TASK STATEMENT: Would you copy the records below, exactly and only from their first line through the line containing "Whites Single Clutch", without any pictures?

INFORMATION SHOWN:

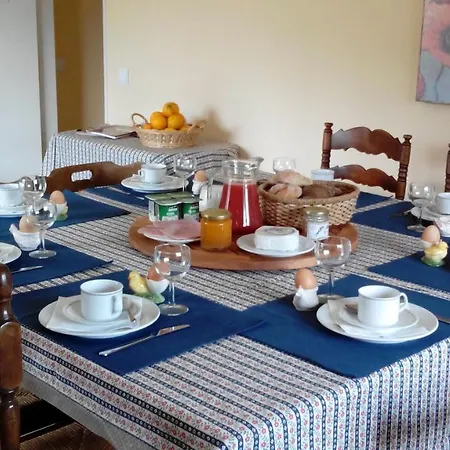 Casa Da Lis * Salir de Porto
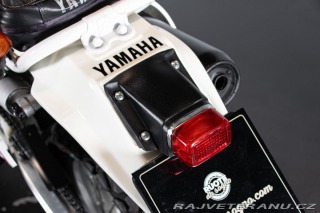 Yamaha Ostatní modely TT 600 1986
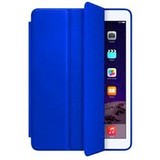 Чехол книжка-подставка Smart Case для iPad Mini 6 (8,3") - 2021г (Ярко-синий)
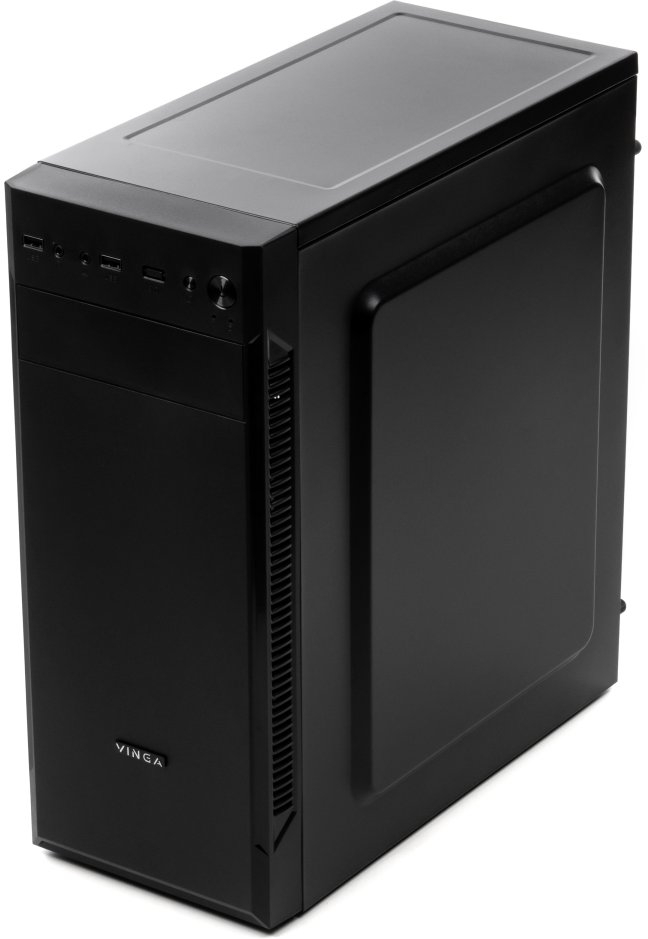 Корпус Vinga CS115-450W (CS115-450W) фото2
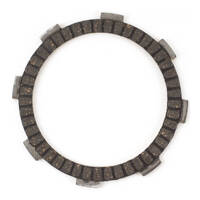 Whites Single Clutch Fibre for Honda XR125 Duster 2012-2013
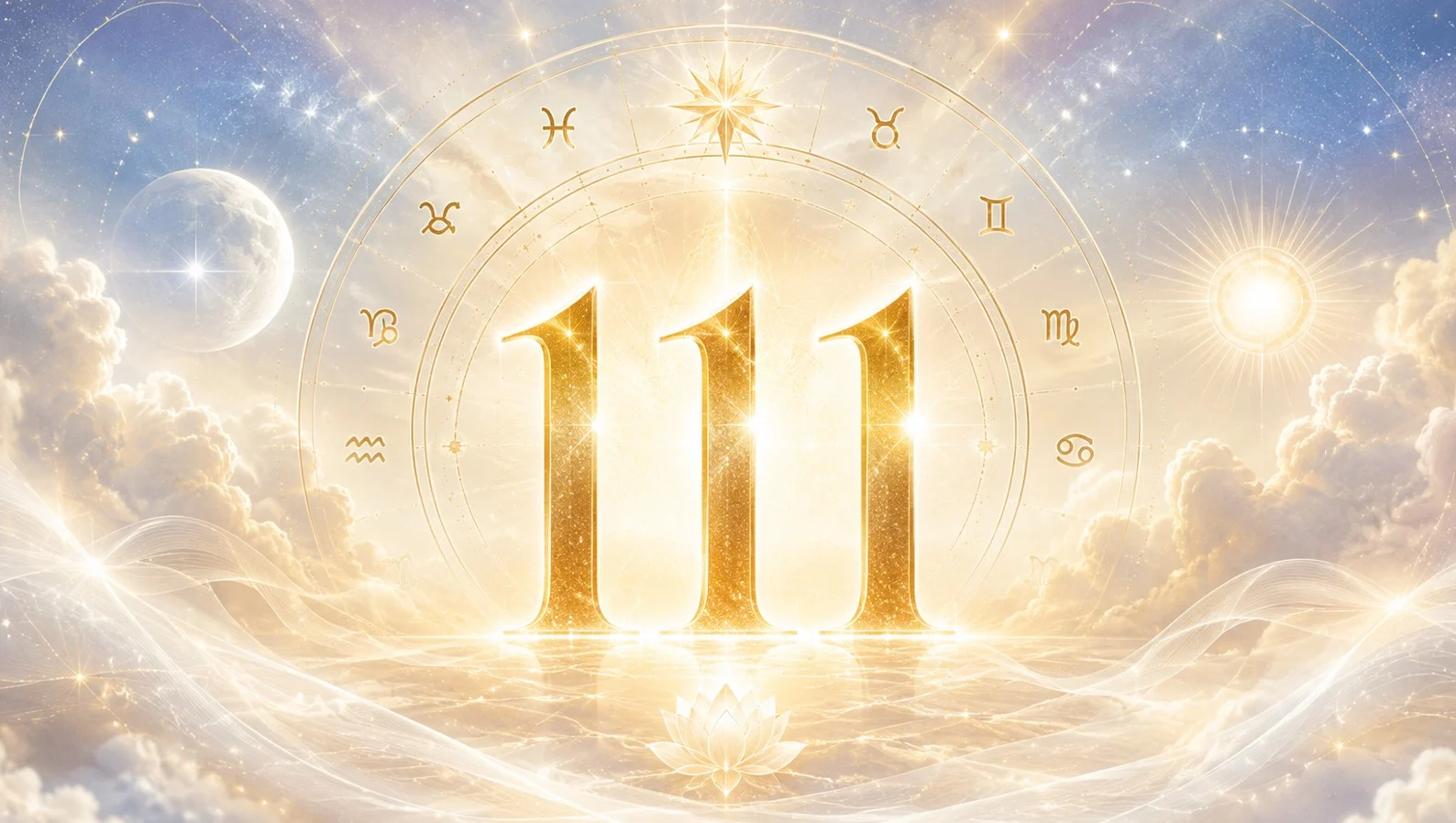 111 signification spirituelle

EXERCISE SOLUTION:
 Casa Da Lis * Salir de Porto
 Yamaha Ostatní modely TT 600 1986
 Чехол книжка-подставка Smart Case для iPad Mini 6 (8,3") - 2021г (Ярко-синий)
 Корпус Vinga CS115-450W (CS115-450W) фото2
 Whites Single Clutch Fibre for Honda XR125 Duster 2012-2013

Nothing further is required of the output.